Are you a fan of the Sonic the Hedgehog series? If so, great! If not, go find a Super Mario thread.


----------



## Waluigi (Jun 28, 2014)

Bowie said:


> Are you a fan of the Sonic the Hedgehog series? If so, great! If not, go find a Super Mario thread.



This quote. So epic.

Yes i love sonic games. I play s3+k all the time. Ive still to complete lost world,im at silent hill right now


----------



## n64king (Jun 28, 2014)

Sonic Boom makes me anxious. The preplay stuff at E3 looked kinda cool but then people said it wasn't so I'm like great...
Uh but I'm so late to Sonic games sometimes, I'm just now playing Sonic Colors for Wii on my WiiU. I'm gonna get Generations after I'm done with it though, any thoughts on if I should go for the PS3 or 3DS version? Leaning toward PS3 since it's on the tv...


----------



## Waluigi (Jun 28, 2014)

n64king said:


> Sonic Boom makes me anxious. The preplay stuff at E3 looked kinda cool but then people said it wasn't so I'm like great...
> Uh but I'm so late to Sonic games sometimes, I'm just now playing Sonic Colors for Wii on my WiiU. I'm gonna get Generations after I'm done with it though, any thoughts on if I should go for the PS3 or 3DS version? Leaning toward PS3 since it's on the tv...
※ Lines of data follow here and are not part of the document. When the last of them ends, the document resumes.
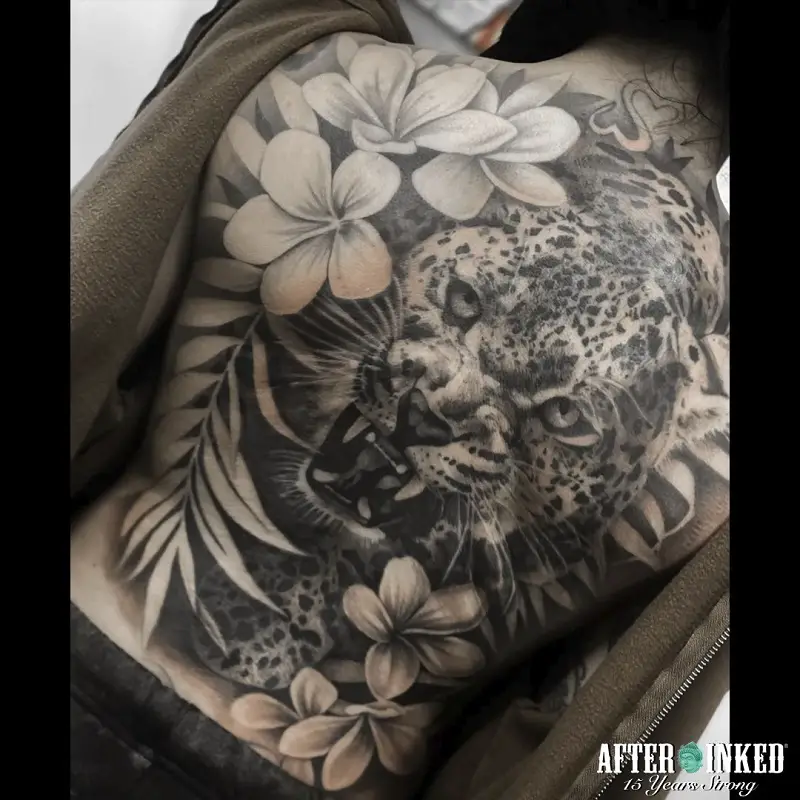 Full Body Leopard Tattoo 2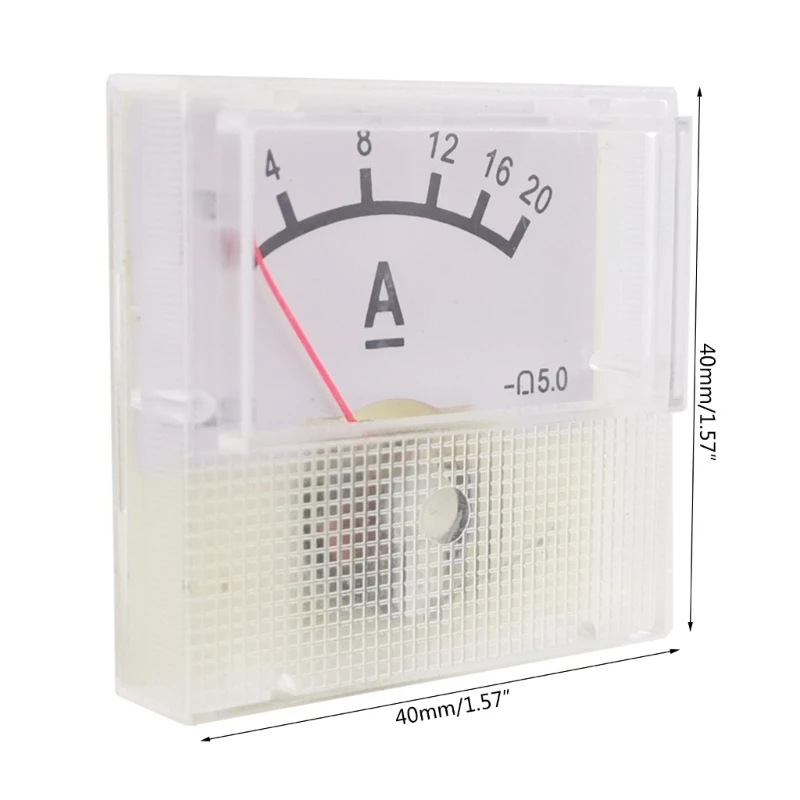 Ammeter DC0-20A Analog Panel Mechanical Pointers Type Ampere Meter Current Meter Dropship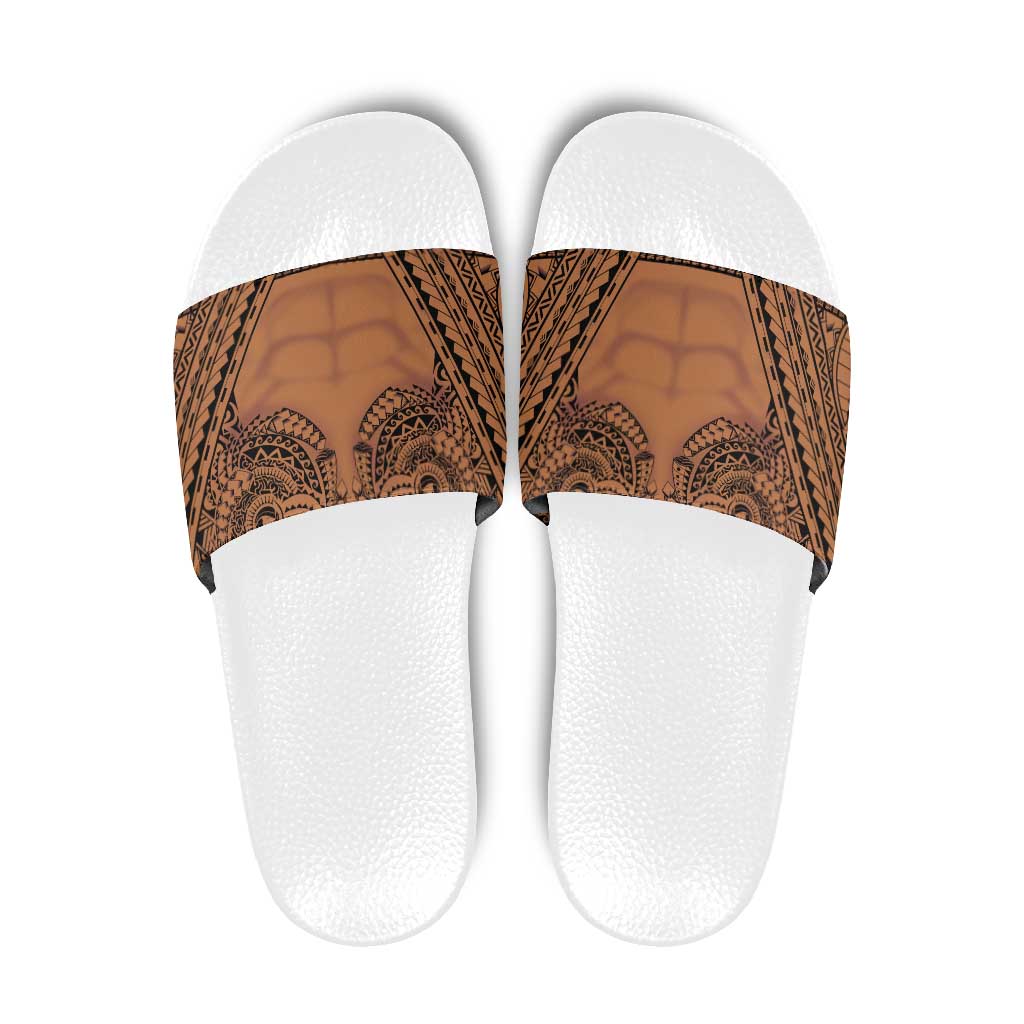 Polynesian Tattoo Inspired Cosplay Costume Slide Sandals Tribal Warrior - Polynesian Pride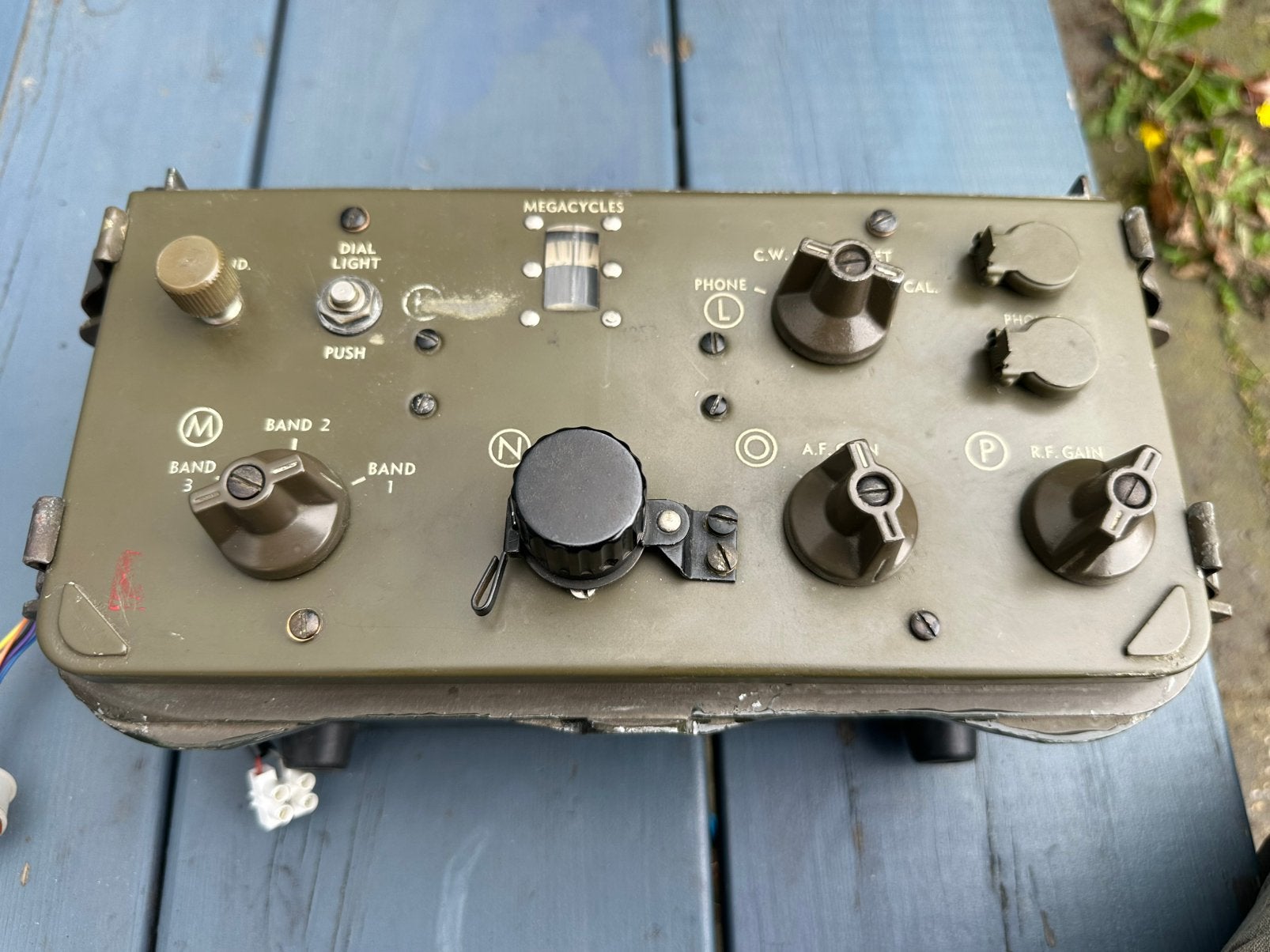 Jaren 50  grc 9 rt 77 military radio, Ophalen of Verzenden, Landmacht, Nederland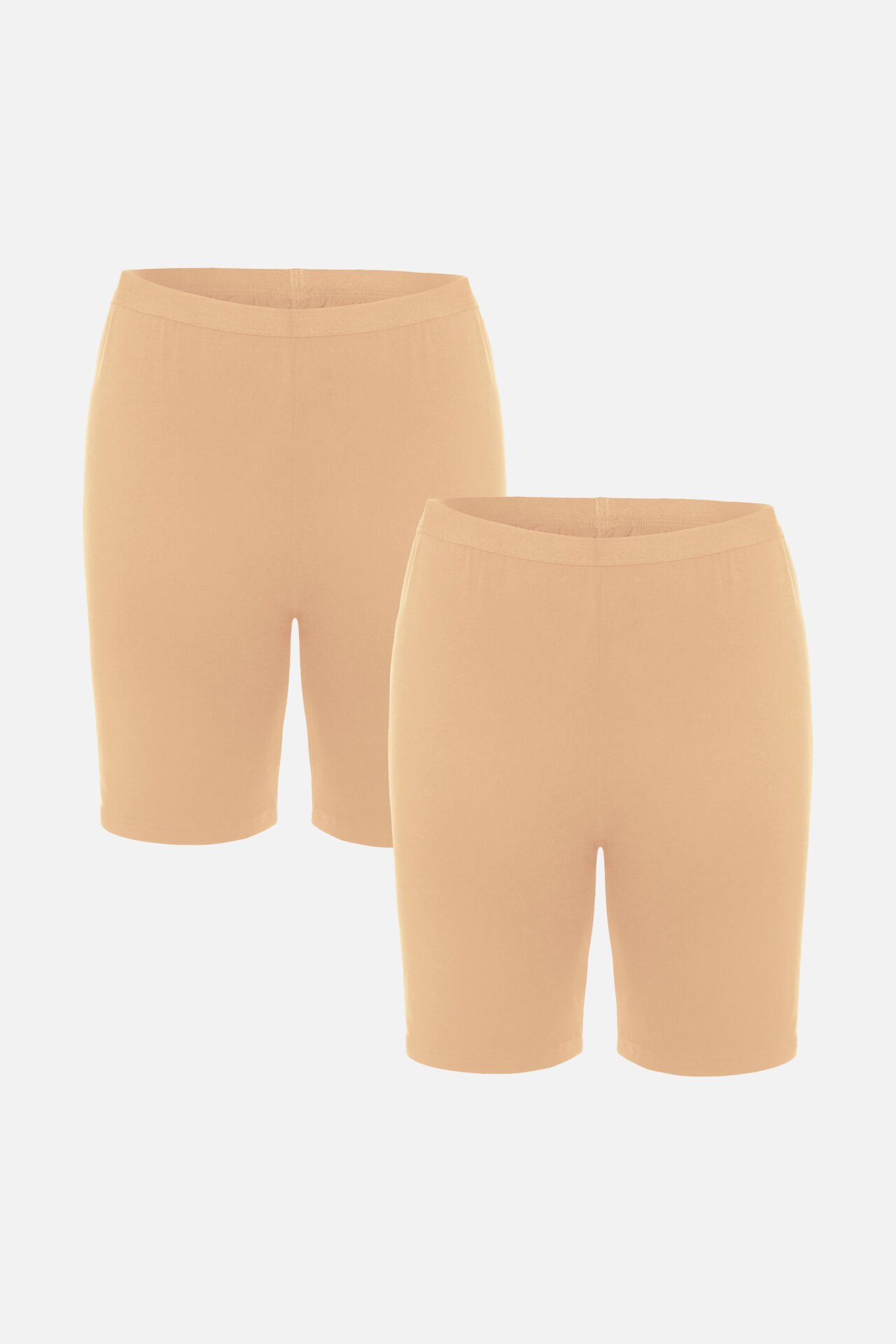 Kadın Viskon Yumuşak Tuşe İkili İçlik Tayt Ten - 2XL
I havent played the 3ds version, but the minigame trials arent as good in that version. they are just speedruns. The 3d levels kf sknic are a fair bit of boost2win in the console.


----------



## n64king (Jun 28, 2014)

I looked at the ratings and the PS3 was best and 3DS worst, but you never know  Sometimes ratings don't reflect the community.

- - - Post Merge - - -

I guess the 3DS one was the half hearted one in the bunch again


----------



## Rumblethumps (Jun 28, 2014)

Sonic Adventure 2: Battle will forever be my favorite Sonic game. It never gets old to me, lol

Sonic Boom doesn't really look that appealing to me, and I've heard nothing but bad things about it, but I'll probably still give it a try. You never know until you play it, right?


----------



## rockthemike13 (Jun 29, 2014)

I posted some thing about Sonic earlier today, funny you bring it up.

I'll post it again.

http://www.youtube.com/watch?v=Z45_0j-2ipA

Bonus points if you can guess who I am.


----------



## Nerd House (Jun 30, 2014)

rockthemike13 said:


> I posted some thing about Sonic earlier today, funny you bring it up.
> 
> I'll post it again.
> 
> ...



*Knuckles!*


----------



## Zeiro (Jun 30, 2014)

I was a huge Sonic fan when I was younger. My first video game ever was Sonic 2 and a grew up playing that and Sonic Adventure for the Dreamcast. I also liked Sonic Heroes and Sonic Rush. I really liked Sonic 06 despite its bugs, but games like Sonic Unleashed, Sonic Colors, and Sonic Generations turned me off from the series.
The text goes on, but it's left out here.